Magari, passando di là, qualcuno se lo sarà chiesto. Che cosa ci fanno una grande porta di metallo e un altrettanto imponente cancello blindato nella galleria fra la dogana di Gandria e quella di Valsolda? Per trovare una risposta dobbiamo salire sulla macchina del tempo e tornare ai primi anni della seconda guerra mondiale. «Sono elementi di uno sbarramento fortificato» ci spiega il tenente colonnello Paolo Germann, già comandante del settore fortificazioni 62 e memoria storica delle infrastrutture militari dell’esercito svizzero. «Come al San Giacomo e al Sant’Jorio – racconta l’esperto – anche il settore di Gandria conobbe da subito l’urgenza di contromisure militari direttamente alla frontiera. Infatti negli anni ’20 e ’30 l’Italia aveva realizzato alcune strade che arrivavano direttamente alla nostra frontiera». Proprio come il collegamento rivierasco fra Porlezza e Lugano, costruito nel 1926. «Con l’entrata in guerra dell’Italia, la mobilitazione generale dell’esercito svizzero e la conseguente chiusura dei valichi stradali, lacuali e ferroviari, fu necessario rafforzare quel settore affacciato sul Ceresio, che era sprovvisto d’impianti difensivi. Così, nell’ottobre del 1939, la questione di Gandria arrivò sul tavolo del colonnello divisionario Prisi, che valutò l’opera prioritaria e inviò un documento al generale Guisan per la decisione finale». Detto, fatto. Fu realizzato un fortino di fanteria armato con quattro mitragliatrici MG11 (di cui due rivolte verso il lago su un affusto a perno), un portone blindato per sbarrare in modo completo la strada e un impianto con cinque camere di mina fra la dogana svizzera e quella italiana (con all’interno 1.848 chilogrammi di tritolo) mentre più verso Lugano, all’altezza della galleria della valle della Lepre, furono scavate altre quattordici gallerie di minamento contenenti altri 516 kg di tritolo).

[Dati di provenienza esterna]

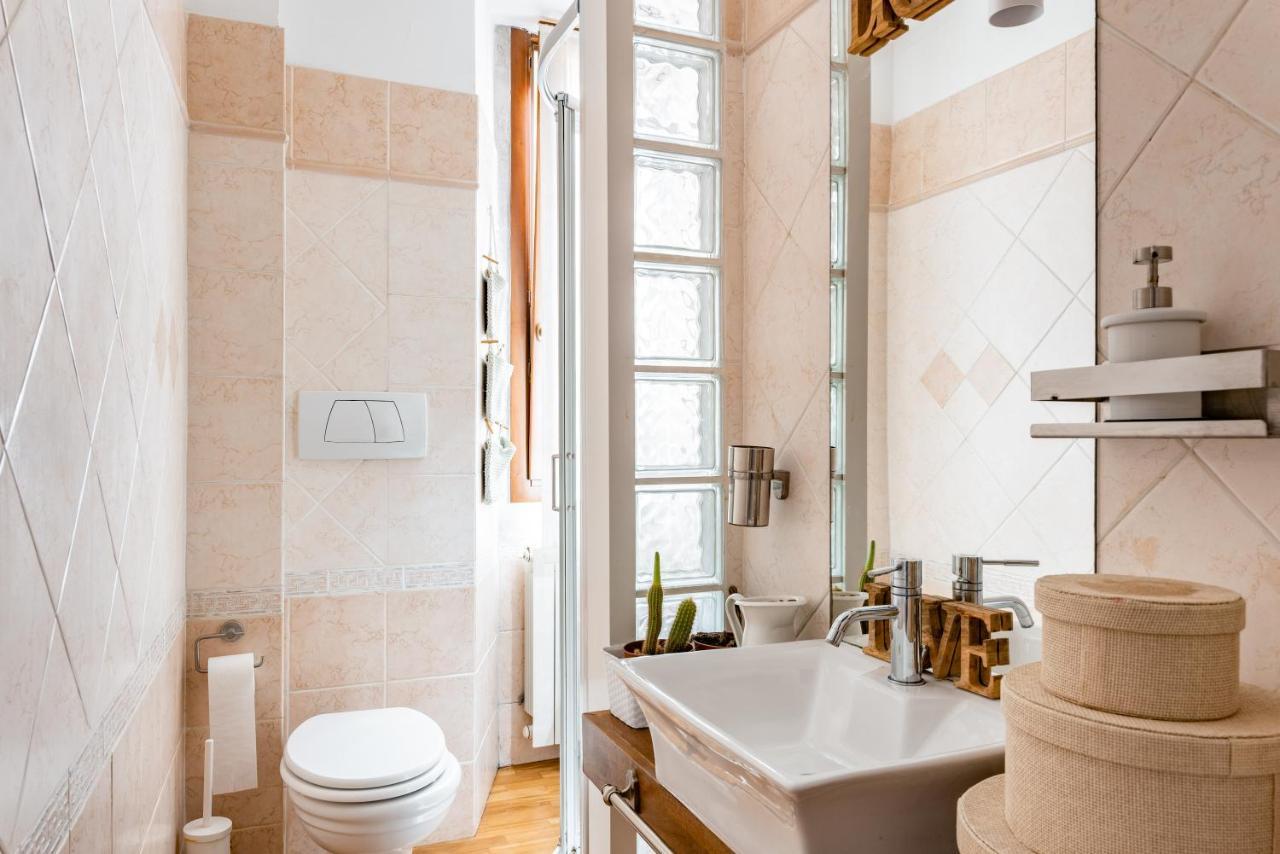 Fortezza Nuova Lovely Duplex Apartment ลีวอร์โน ภายนอก รูปภาพ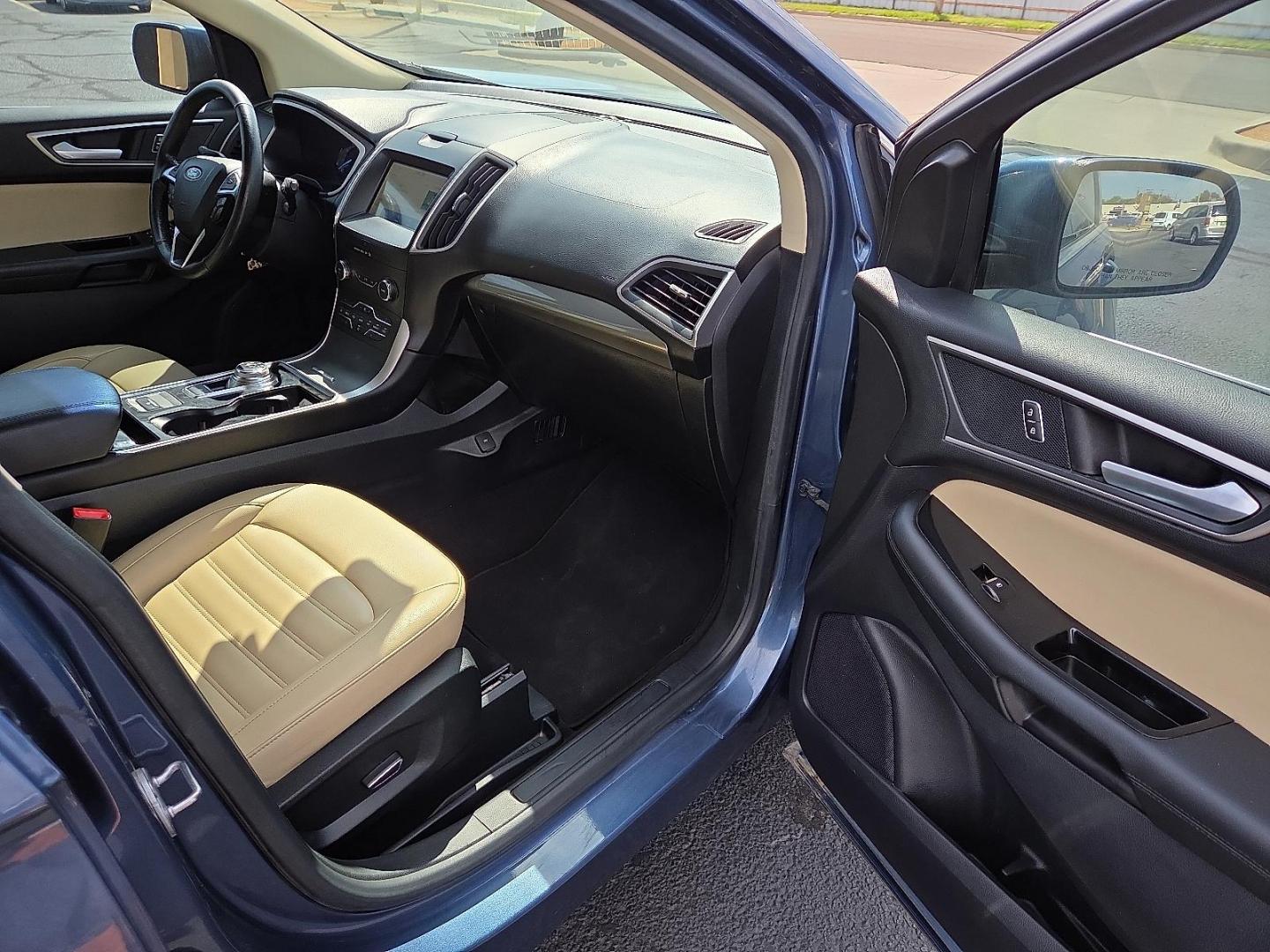 2019 Blue Metallic - FT /Dune - VD Ford Edge SEL (2FMPK3J91KB) with an EcoBoost 2L I-4 gasoline direct injection, DOHC, variable valve control, intercooled turbo, premium unleaded, engine with 250HP engine, located at 4711 Ave Q, Lubbock, TX, 79412, (806) 687-2362, 33.551304, -101.855293 - Photo#11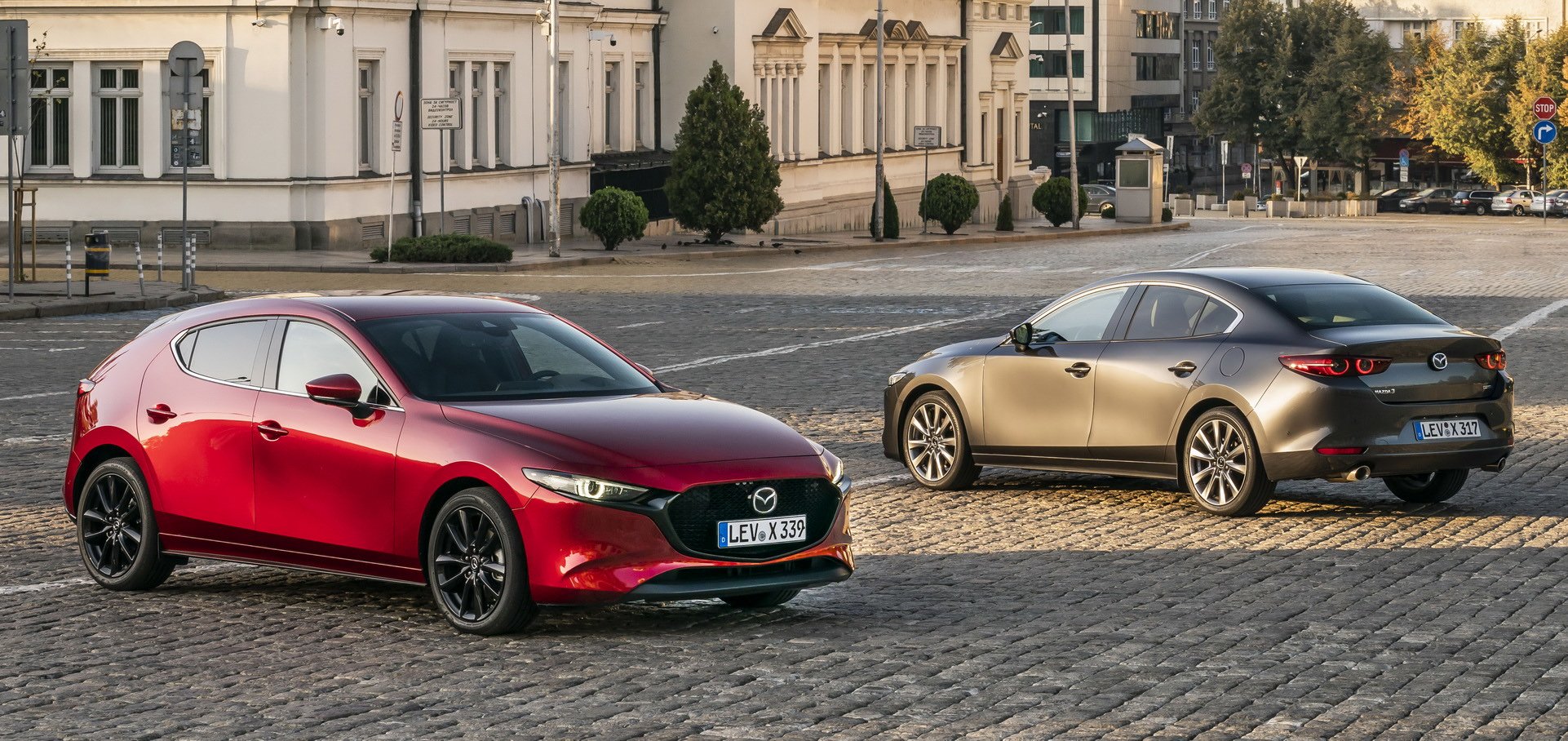 Mazda3 hoàn toàn mới nhận hai giải thưởng 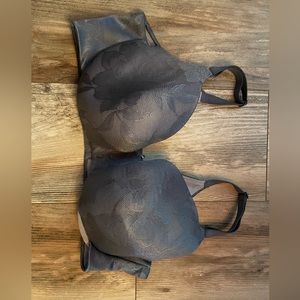 Cacique Lane Bryant underwire bra size 38DDD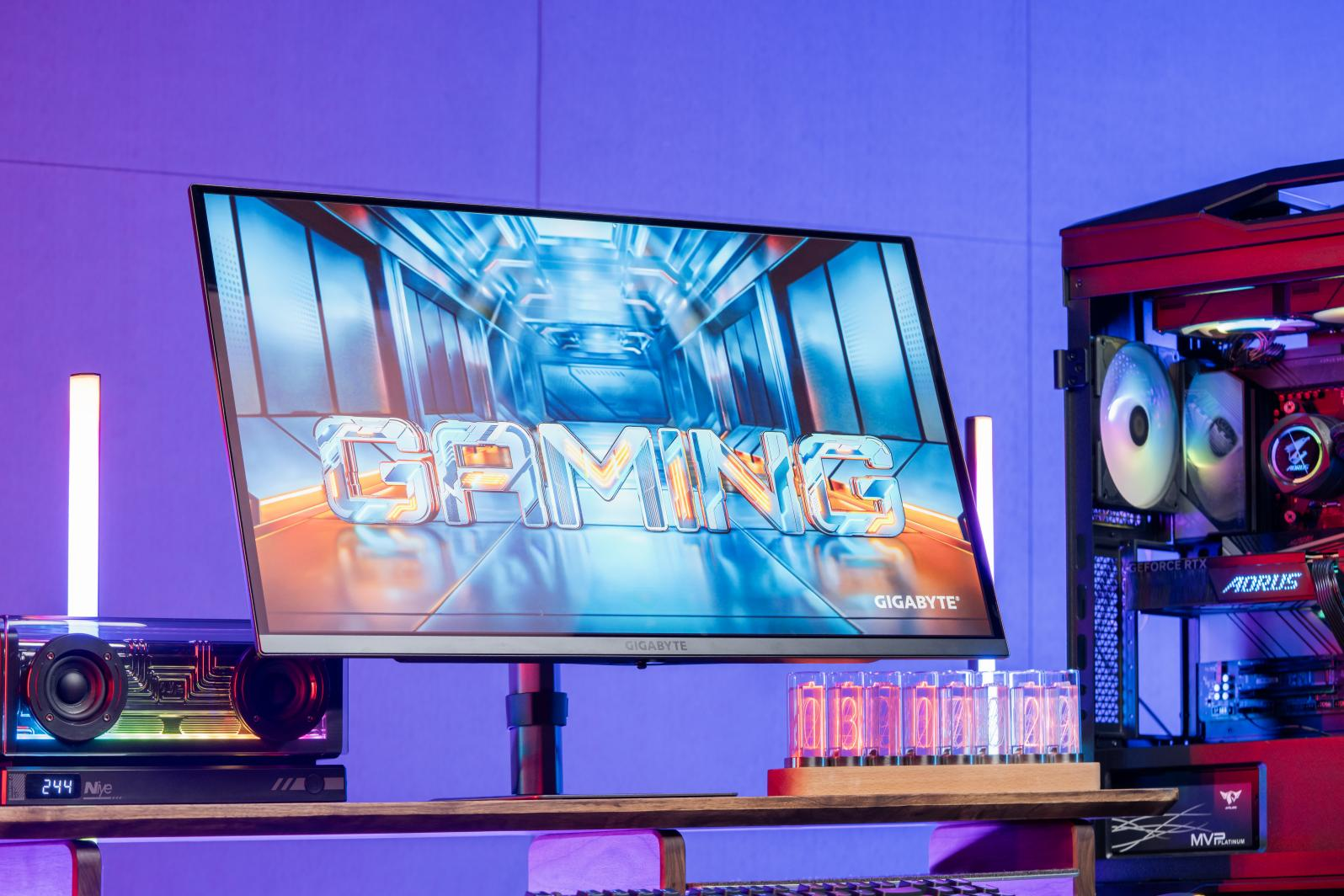 CES 2025揭秘：首款4K/240Hz QD-OLED显示器技嘉MO27U2震撼发布，突破极致游戏体验！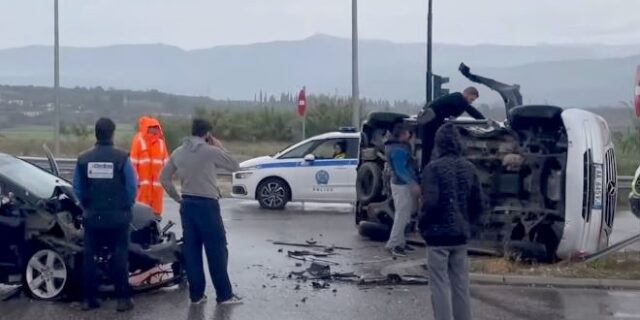 Τροχαίο στην Αμφιλοχία – Πέντε τραυματίες
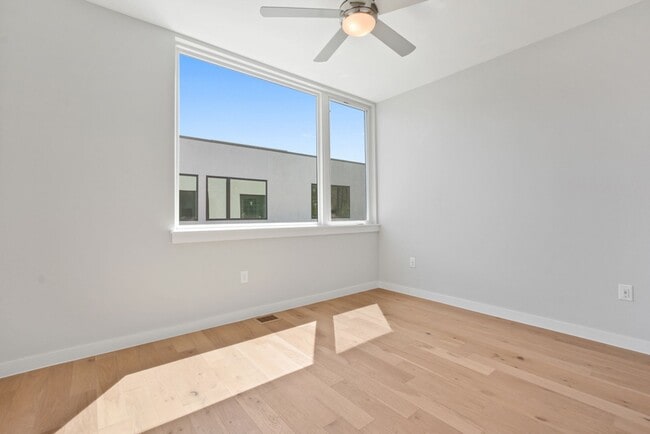 Building Photo - 2002 E 7th St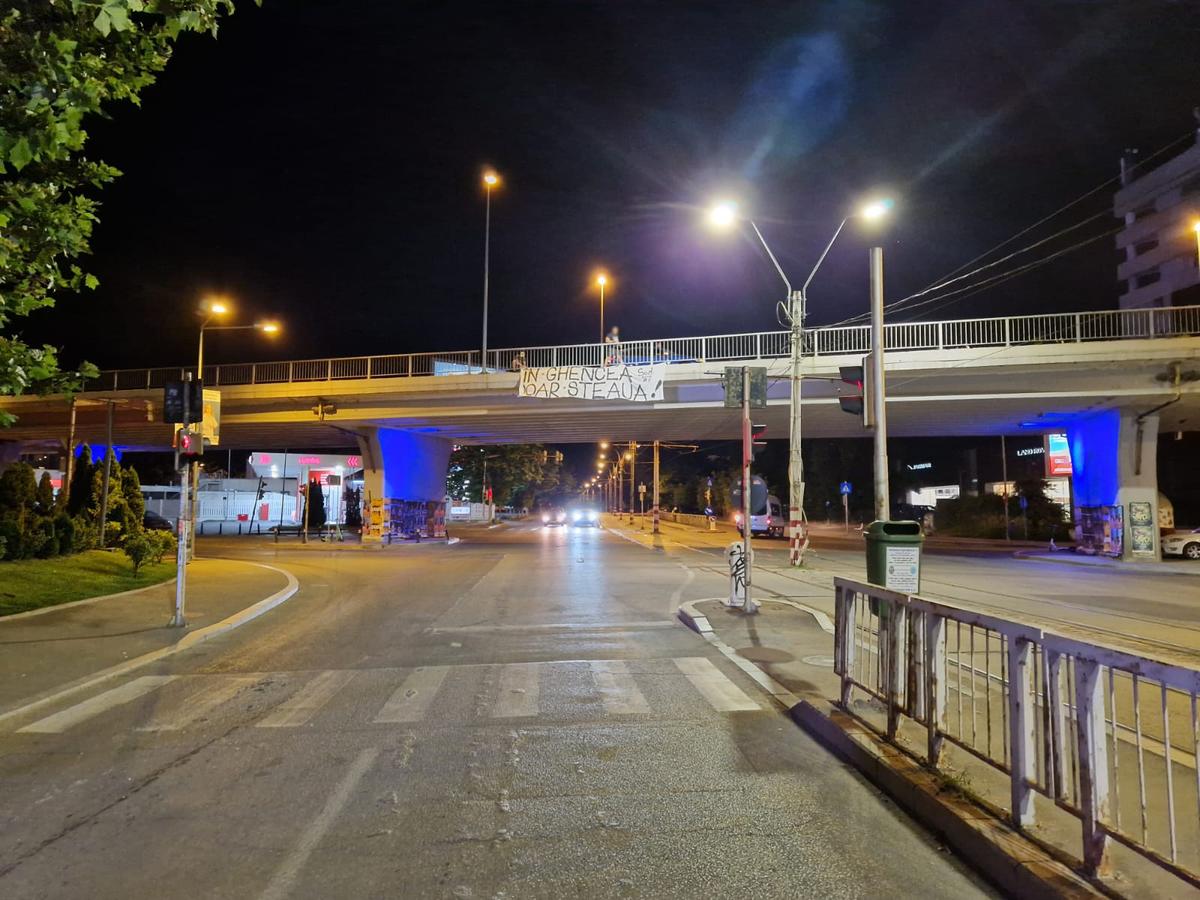 Peluza Sud continuă protestele! Ultrașii au mers în fața Palatului Parlamentului cu un banner dur + mobilizare și în provincie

Una «saracinesca medievale»
Germann descrive il fortino di Gandria – denominato A8005 e costruito per la maggior parte da imprese private secondo il progetto dell’Ufficio delle fortificazioni del San Gottardo – come «un unicum svizzero», vista la presenza del portone e del posto di accensione dell’impianto minato. «La posizione ha portato la Svizzera a realizzare un’opera unica, con un portone a caduta di trenta tonnellate costruito all’interno di una galleria stradale. Questa moderna interpretazione della saracinesca medievale aveva la funzione di bloccare un eventuale passaggio dei carri armati dalla nuova strada Porlezza-Lugano e mettere al sicuro la città da un eventuale colpo di mano, dato che era un obiettivo d’attacco previsto dall’Italia nel 1940». Vista la sua particolarità, lo sbarramento di Gandria è stato valutato come un manufatto d’interesse nazionale nell’ambito dell’inventario ADAB: un elenco degli ex siti militari degni di conservazione, come ad esempio fortificazioni, campi di aviazione e postazioni missilistiche.